WASHINGTON, DC- The National Transportation Safety Board posted a report Thursday on the Feb. 12 plane crash, in a Porter neighborhood, that killed a prominent Austin couple. According to the report, Dan and Rheta Williams left Austin Bergstrom International Airport (AUS) around 5 p.m., with commercial rated pilot Dan Williams having filed a visual flight rules flight plan. They were destined for Williams Airport off of FM 1314, where the winds were calm, and the skies were clear with 10 mile visibility, according the NTSB.

The report quotes a written statement by the airport manager as saying Dan Williams contacted her earlier on the day of the crash asking about trees located at the airport and she told him “a considerable amount of trees had been cleared on the south end of the runway and some trees had been cleared to the north.” She stated she recommended using runway 35 “if the winds permitted.” For whatever reason, Williams was approaching runway 17, which is 3,594 feet long, in his twin engine Beech 95-55A when something went wrong. The airport manager was watching, according to the report, and said the plane appeared to be higher than expected and “seemed to float for an unusually long period.”

“By midpoint on the runway, it seemed unlikely that he would be able to complete the landing successfully,” the airport manager wrote.

Her account says she heard a power increase on the engines and the plane began to climb, “and bank to the right before it nosed over and descended into the trees.”
The airport manager said she didn’t hear or see anything to indicate there was a problem with the engines.

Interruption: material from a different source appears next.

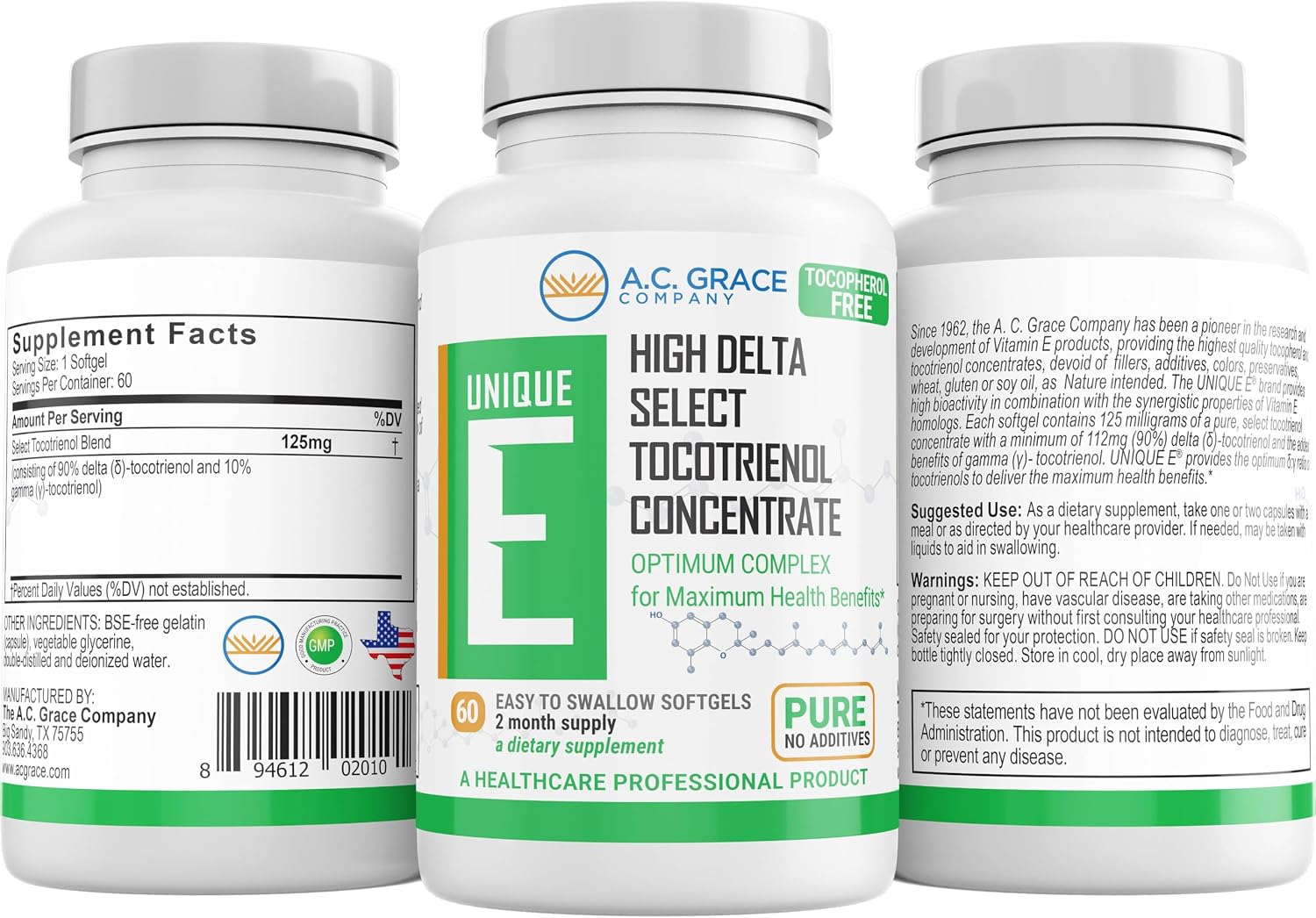 A.C. Grace Company, Unique E Tocotrienols - Tocopherol Free Softgels, 60 Count
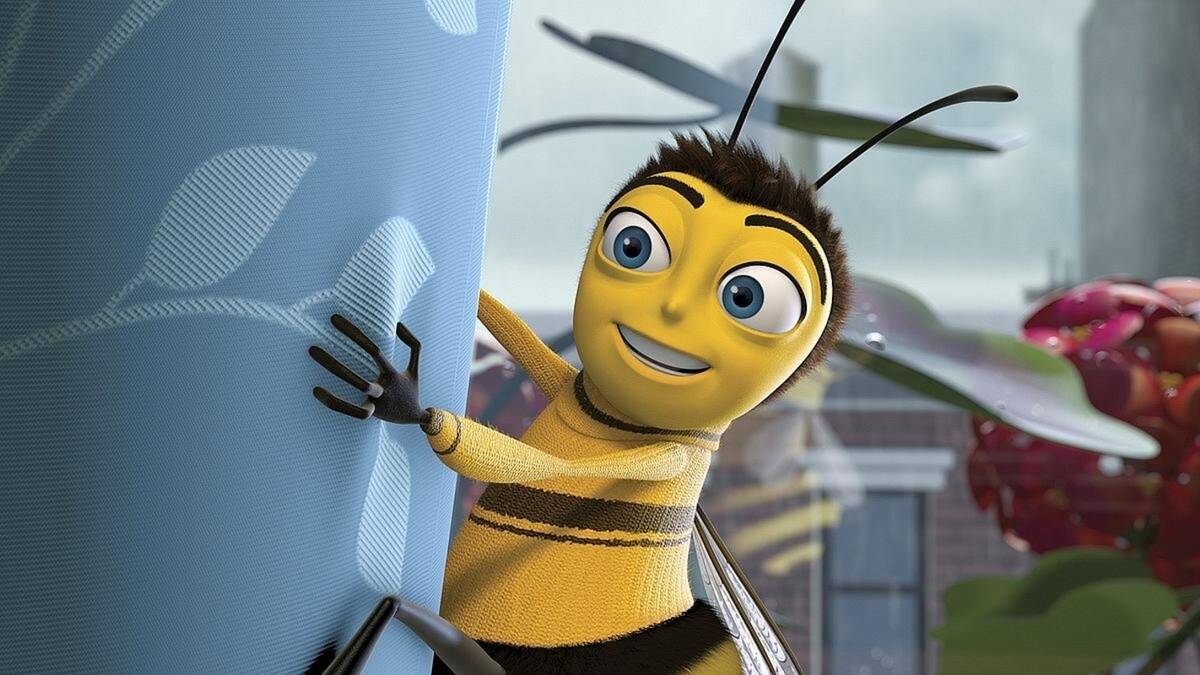 Barry B. Benson peeking around a corner in Bee Movie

However, another unidentified witness told NTSB investigators she saw “smoke under the right side of the airplane before it disappeared from her view.”

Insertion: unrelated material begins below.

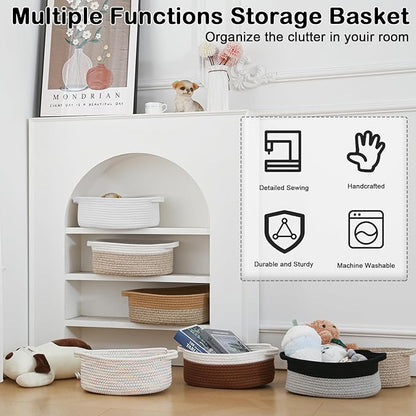 Gift Basket with Gift Bag and Ribbons,Small Rope Woven Shelf Storage,Baskets for Gifts Empty,Birthday,Baby Shower,Decorative Organizer Box with Handles(White)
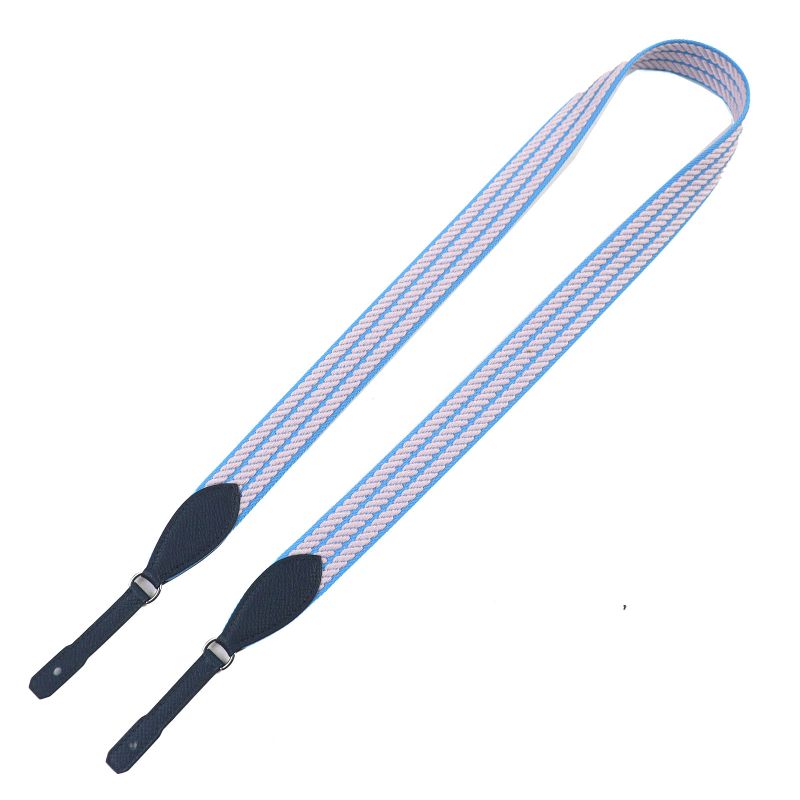 Hermes Caval Togo 25mm (0.98in) Canvas Leather Silver Hardware Shoulder Strap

The document also gives the account of a retired State Trooper who was talking with the airport manager at the time of the crash, and his account was similar to hers, with an added notation that he noticed the runway was “free of obstruction” as the plane descended. Then, the engine power increased and the plane began climbing.

“It was lifting above the tree line on the south end of the runway, when it made a sharp roll to the right and appeared to nose dive behind the tree line,” He stated. “We all heard the crash.”

The report states investigators on-scene on Feb. 13 and 14 found all major components of the plane at the crash site, with extensive impact damage and the outboard section of the right wing and the left engine separated from the airframe. The plane came to rest approximately 80 feet from the initial point of impact, which was with a group of trees about 60’ tall.

The document describes Dan Williams as an experienced pilot who had a “commercial pilot certificate for airplane single and multi-engine land, and instrument airplane,” and had logged 2300 flight hours as of July 21, 2008.

The report offers no preliminary explanation for the crash.